Recep Tayyip Erdoğan: Aslında şu anda hükümetimiz art niyetlerle hazırlanmış bir senaryoyla karşı karşıya. Bu senaryo ne yazık ki tamamı ile hükümetimize bir darbe yönelimine ait bir senaryo ve bu senaryo tutarlı değil. Söylenenler, iftiralar... Hiçbirisinin devletin kasasından alınan ve çalınan herhangi bir şey olmadığına kesinlikle inancım var. Bizi şu ana kadar başarılı bir şekilde getiren süreç de budur.
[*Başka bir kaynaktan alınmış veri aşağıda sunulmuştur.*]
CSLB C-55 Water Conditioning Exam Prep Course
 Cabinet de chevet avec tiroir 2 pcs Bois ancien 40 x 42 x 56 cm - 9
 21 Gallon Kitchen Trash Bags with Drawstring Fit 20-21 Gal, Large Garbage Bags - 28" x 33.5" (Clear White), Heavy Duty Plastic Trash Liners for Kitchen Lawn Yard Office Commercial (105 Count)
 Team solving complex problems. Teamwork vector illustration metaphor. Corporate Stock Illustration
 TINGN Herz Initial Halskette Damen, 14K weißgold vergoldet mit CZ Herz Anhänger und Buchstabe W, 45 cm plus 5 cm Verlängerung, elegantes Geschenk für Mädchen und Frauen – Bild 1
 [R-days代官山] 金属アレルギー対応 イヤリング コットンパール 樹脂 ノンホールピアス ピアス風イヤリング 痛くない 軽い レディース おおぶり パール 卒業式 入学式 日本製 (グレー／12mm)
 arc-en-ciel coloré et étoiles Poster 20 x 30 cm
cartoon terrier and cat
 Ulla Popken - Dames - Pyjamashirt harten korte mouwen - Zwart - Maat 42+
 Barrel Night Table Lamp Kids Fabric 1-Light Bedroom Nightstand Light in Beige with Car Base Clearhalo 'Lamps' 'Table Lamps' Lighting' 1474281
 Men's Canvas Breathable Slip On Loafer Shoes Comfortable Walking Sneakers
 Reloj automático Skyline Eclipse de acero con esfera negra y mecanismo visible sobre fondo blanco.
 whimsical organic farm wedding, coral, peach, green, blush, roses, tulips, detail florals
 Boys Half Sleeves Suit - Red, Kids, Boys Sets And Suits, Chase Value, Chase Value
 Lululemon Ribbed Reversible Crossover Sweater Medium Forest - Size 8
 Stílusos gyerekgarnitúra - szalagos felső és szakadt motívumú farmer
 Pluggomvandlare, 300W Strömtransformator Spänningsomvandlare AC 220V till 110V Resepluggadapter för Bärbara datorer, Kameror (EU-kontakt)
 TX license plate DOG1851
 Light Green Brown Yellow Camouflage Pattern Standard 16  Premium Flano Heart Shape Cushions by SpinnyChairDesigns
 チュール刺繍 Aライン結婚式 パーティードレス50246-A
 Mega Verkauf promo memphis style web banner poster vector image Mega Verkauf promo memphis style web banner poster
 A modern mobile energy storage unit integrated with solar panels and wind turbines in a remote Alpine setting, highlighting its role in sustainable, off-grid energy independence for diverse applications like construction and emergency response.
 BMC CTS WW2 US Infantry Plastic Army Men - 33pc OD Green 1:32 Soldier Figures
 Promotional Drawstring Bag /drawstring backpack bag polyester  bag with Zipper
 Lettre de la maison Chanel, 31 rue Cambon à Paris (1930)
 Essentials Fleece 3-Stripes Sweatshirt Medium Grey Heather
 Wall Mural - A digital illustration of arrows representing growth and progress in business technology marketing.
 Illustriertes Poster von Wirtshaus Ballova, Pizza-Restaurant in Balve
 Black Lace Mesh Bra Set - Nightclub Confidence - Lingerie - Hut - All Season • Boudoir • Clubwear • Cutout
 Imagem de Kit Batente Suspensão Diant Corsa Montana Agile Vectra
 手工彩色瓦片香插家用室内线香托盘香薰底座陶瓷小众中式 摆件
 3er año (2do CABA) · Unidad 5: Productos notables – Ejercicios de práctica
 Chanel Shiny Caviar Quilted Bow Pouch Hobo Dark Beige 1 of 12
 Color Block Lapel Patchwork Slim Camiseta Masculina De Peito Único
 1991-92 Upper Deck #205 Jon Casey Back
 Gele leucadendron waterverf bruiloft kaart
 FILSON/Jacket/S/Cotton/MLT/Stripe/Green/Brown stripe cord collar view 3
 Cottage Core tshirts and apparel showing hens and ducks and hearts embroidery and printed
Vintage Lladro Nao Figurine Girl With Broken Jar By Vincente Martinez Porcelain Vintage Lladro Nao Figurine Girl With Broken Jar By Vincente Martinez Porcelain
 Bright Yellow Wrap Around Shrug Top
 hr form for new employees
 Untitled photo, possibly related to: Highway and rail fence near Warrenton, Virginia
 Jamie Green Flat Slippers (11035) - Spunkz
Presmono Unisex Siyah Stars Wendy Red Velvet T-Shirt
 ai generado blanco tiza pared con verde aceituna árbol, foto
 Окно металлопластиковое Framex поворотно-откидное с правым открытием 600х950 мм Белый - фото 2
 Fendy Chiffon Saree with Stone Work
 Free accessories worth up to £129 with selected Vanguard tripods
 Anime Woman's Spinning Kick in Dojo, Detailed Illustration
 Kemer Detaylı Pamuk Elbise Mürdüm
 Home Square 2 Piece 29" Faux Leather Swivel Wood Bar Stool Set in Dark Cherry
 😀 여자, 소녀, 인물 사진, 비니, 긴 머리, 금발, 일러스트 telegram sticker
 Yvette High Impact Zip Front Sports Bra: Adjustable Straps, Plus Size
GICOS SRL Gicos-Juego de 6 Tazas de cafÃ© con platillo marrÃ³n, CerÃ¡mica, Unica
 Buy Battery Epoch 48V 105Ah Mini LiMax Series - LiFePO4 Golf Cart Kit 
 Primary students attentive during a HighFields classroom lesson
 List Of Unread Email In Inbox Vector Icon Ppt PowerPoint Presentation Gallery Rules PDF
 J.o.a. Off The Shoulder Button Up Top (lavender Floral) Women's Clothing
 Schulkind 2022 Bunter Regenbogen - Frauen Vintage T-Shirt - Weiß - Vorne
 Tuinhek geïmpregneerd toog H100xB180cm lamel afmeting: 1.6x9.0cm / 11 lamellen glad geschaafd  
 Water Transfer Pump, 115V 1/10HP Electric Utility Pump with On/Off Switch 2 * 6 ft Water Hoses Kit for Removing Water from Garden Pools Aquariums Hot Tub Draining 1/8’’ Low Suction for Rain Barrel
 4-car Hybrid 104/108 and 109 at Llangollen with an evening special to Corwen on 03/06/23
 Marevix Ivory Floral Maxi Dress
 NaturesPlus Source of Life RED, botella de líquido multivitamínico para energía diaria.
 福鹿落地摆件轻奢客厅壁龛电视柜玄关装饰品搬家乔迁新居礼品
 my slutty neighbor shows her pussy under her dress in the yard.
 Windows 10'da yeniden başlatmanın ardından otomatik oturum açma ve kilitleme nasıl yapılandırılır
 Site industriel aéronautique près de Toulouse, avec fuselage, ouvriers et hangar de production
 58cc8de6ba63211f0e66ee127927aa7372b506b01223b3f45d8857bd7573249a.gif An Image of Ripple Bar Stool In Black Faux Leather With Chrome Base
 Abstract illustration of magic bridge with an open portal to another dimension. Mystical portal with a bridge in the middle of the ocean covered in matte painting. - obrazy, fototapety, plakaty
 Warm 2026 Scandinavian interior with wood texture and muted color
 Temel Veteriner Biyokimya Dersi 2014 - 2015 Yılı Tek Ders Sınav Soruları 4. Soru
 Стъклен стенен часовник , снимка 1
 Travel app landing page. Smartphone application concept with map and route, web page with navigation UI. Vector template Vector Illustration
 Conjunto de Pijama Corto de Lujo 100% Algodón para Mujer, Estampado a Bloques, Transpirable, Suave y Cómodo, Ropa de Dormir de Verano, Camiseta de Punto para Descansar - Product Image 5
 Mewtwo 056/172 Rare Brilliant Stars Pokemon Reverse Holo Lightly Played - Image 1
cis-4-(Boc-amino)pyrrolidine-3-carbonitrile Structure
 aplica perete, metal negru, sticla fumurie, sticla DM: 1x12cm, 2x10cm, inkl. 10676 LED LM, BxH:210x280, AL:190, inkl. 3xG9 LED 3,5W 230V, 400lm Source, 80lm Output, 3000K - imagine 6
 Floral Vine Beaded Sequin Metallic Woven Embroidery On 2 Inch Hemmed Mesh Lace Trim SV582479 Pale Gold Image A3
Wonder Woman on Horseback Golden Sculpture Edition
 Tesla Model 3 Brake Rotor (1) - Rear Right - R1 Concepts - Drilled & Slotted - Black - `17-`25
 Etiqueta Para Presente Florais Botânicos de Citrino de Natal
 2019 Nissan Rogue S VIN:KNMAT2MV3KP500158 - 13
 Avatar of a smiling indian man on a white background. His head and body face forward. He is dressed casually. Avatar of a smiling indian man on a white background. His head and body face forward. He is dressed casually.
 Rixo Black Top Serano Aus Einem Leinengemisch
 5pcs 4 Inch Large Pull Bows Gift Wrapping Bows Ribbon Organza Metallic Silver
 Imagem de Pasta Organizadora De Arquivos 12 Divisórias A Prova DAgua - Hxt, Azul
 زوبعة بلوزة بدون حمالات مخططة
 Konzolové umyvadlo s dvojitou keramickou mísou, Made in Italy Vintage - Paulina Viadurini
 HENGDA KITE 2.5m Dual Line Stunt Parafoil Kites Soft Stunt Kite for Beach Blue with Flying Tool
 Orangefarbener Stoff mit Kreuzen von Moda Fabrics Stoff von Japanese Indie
Biz yola çıkarken bir şey söyledik. 3 Y ile bizim mücadelemiz olacak. Bunun bir tanesi yolsuzluktur, bir tanesi yasaklardır, bir tanesi de yoksulluktur.
Biz yolsuzluk ile vermiş olduğumuz bu mücadele neticesinde Türkiye’yi milli geliri itibarı ile ekonomik alanda birden 3 kat arttırmak suretiyle bu noktaya getirdik. Bizim milli gelirimiz 230 milyar dolardı. Ama şu anda 800 milyar doları aşmış vaziyetteyiz. Yolsuzlukların olduğu bir hükümet buralara gelebilir mi?
Bir diğer çok önemli konu, Türkiye’nin ihracatı 36 milyar dolardı. Şu anda 152 milyar dolara geldi. Çünkü biz ihraca yönelik bir ekonomi anlayışını sürdürdük.
Türkiye borçlarını ödemede iyi bir konuma geldi. Bizim kamu net borç stokumuz milli gelire oranla yüzde 73’tü. 100 liranın 73 lirası borçtu. Şu anda ise yüzde 35’e düşmüş vaziyette. Yolsuzlukların olduğu bir iktidar bunu yapabilir mi?
Mesela devletin borçlanma faizi yüzde 63’tü. Şu anda tek haneli rakama düştü. 4,6’ya kadar düşmüştü. Maalesef son gelişmeler nedeniyle 10’a kadar yükseldi. Fakat bu tekrar inanıyorum ki daha aşağı seviyelere düşecektir.
Tabii 2013’ün ilk 3 çeyreğinde Türkiye’nin büyüme oranına baktığımızda yüzde 4. Bu önemli bir şey. Yıl sonu itibarı ile Türkiye’nin büyüme oranının 3,8 olarak tamamlanacağına inanıyorum.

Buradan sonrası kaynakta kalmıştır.